* Data shown:
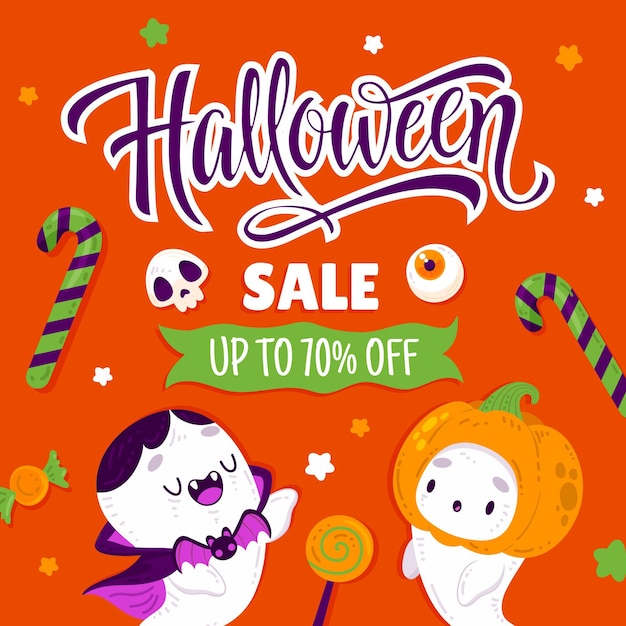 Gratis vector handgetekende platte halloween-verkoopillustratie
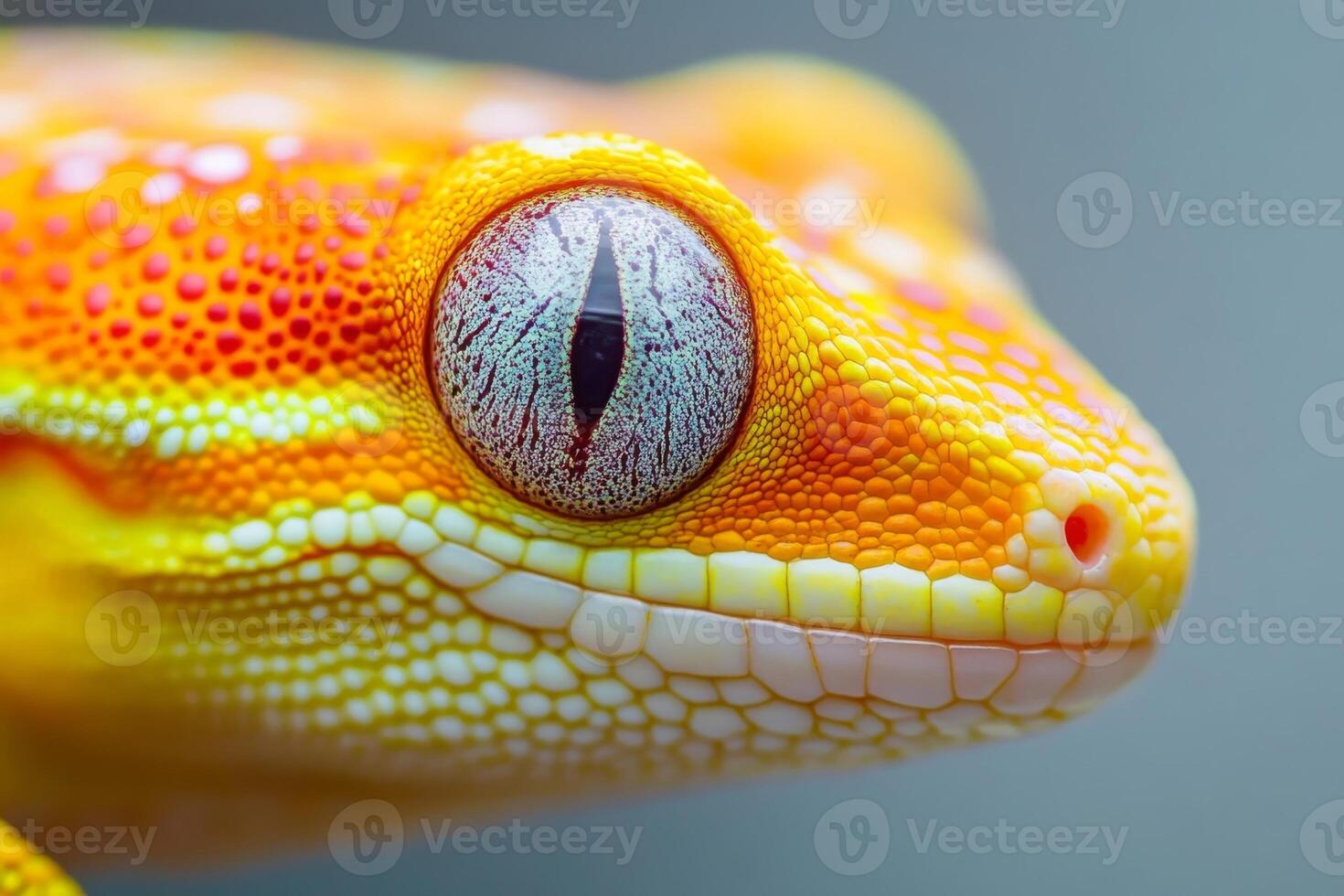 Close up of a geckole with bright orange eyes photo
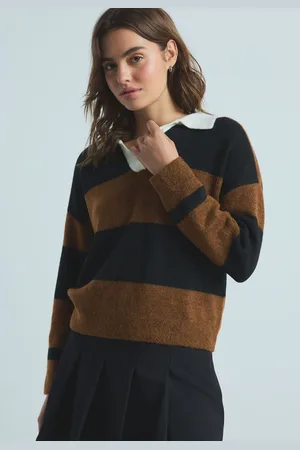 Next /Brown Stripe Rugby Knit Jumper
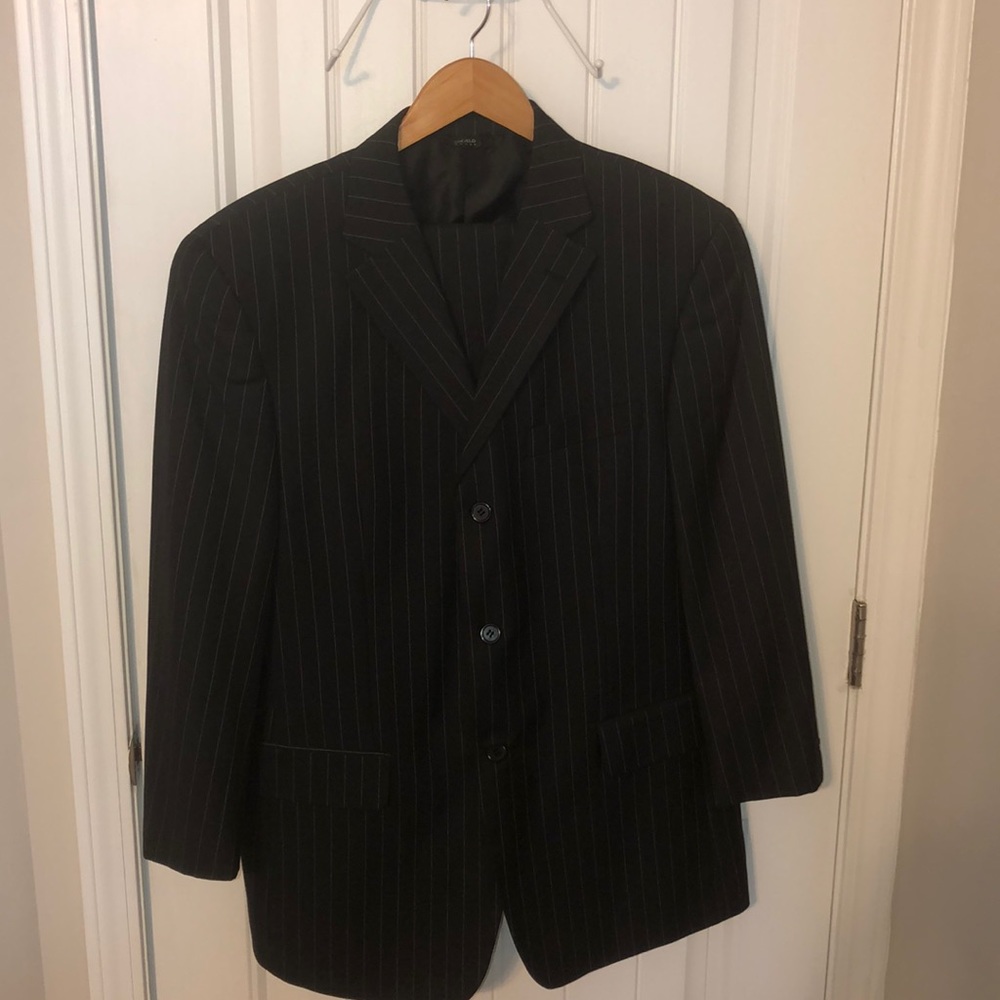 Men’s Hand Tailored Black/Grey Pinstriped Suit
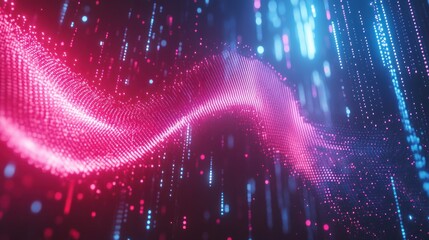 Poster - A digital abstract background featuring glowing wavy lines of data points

* * *

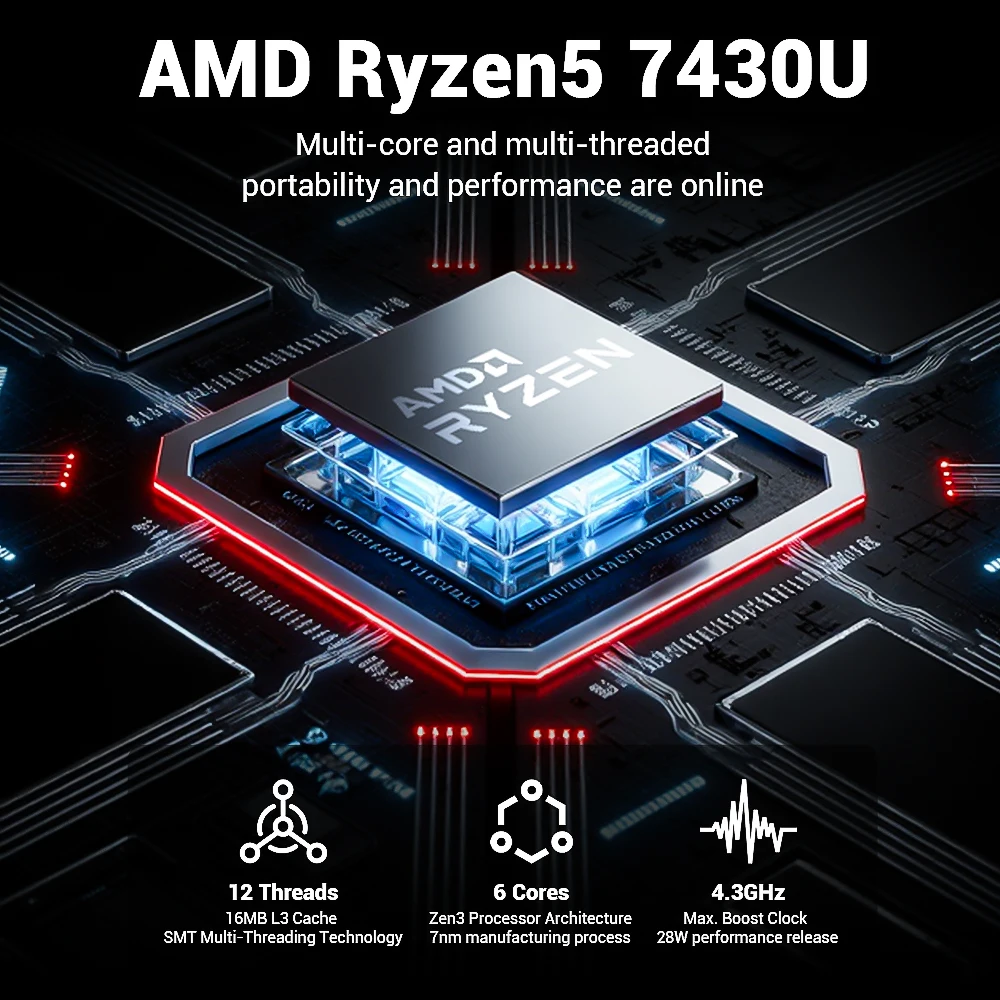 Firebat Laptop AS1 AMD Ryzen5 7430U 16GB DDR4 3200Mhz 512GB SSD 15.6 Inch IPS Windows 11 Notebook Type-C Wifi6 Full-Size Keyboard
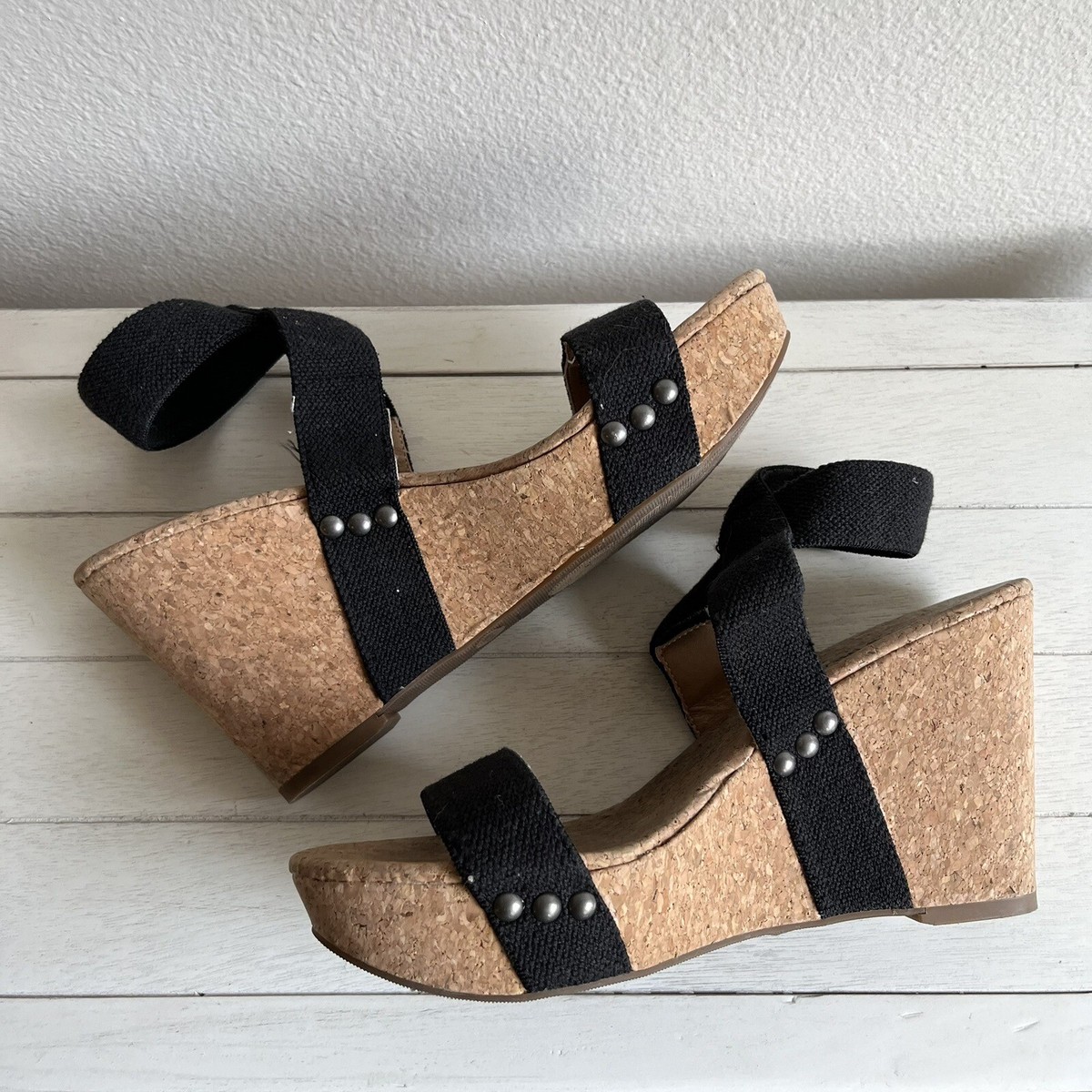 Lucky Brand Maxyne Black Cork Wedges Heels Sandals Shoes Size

* The problem:
I'd like the lines above repeated exactly, from the one that contains "Close up of" through the one that contains "Poster - A digital", with no pictures.

* Answer to this exercise:
 Close up of a geckole with bright orange eyes photo
 Next /Brown Stripe Rugby Knit Jumper
 Men’s Hand Tailored Black/Grey Pinstriped Suit
 Poster - A digital abstract background featuring glowing wavy lines of data points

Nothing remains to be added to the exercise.